Kyrgyzstan is a landlocked nation of incredible natural beauty and proud nomadic traditions. Kyrgyz have been living in the Yenisei river valley and around Lake Baikal (central Siberia) since 201 BC. It is one of the smaller Central Asian countries – being a similar size to Scotland. Historically the Kyrgyz led a nomadic life living in forests and plains and farming animals.
In 840 the Kyrgyz defeated the Uyghurs and became the ruling class. In 1209 Genghis Khan defeated the Kyrgyz and forced them to move south-west to the Tien-Shen Mountains, these divide present day Kyrgyzstan and Kazakhstan from China. The Kyrgyz and their Mongol conquerors conquered the Persian people living in the surrounding area and gradually adopted their settled life style.
Kyrgyzstan became part of the Russian Empire in 1876. In 1916 the Kyrgyz revolted against the Russians over a military draft for WW1. The Russians retaliated forcing many Kyrgyz to move to the Eastern side of the Tien-Shen Mountains to China and to the Pamir mountains, these mountain ranges dominate Kyrgyzstan, covering 65 % of the national territory. Due to the division of Central Asia into five republics during Stalin’s time many ethnic Kyrgyz do not live in Kyrgyzstan.
Kyrgyzstan proclaimed its independence from the Soviet Union in 1991. In 1996 a referendum overwhelmingly endorsed proposed constitutional changes to enhance the power of the president.
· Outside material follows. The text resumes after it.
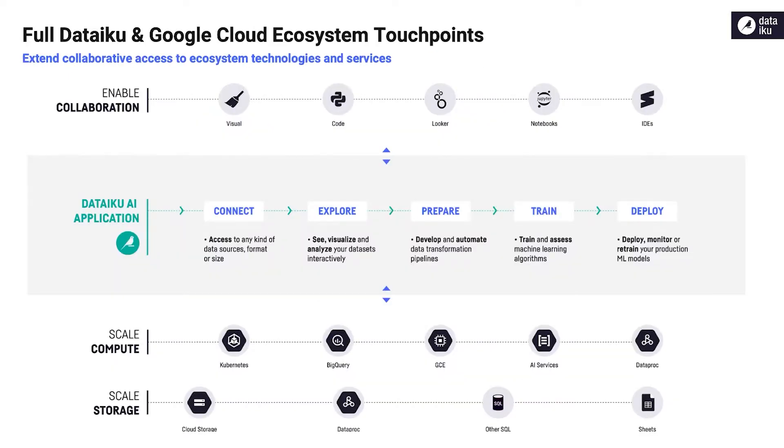Dataiku allows you to seamlessly leverage your investments in Google Cloud Platform and its capabilities, and can be extended via Google solutions such as Looker, Workspace, and AI services.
Kyrgyzstan is bordered by China, Kazakhstan, Uzbekistan and Tajikistan. The borders with Uzbekistan and Tajikistan in the Ferghana valley – cause many political pressures between ethnic groups, which at times erupt in conflict. The valley is also the most populous area in Central Asia, throughout history this valley has provided an important centre for merchants trading along the Great Silk Road.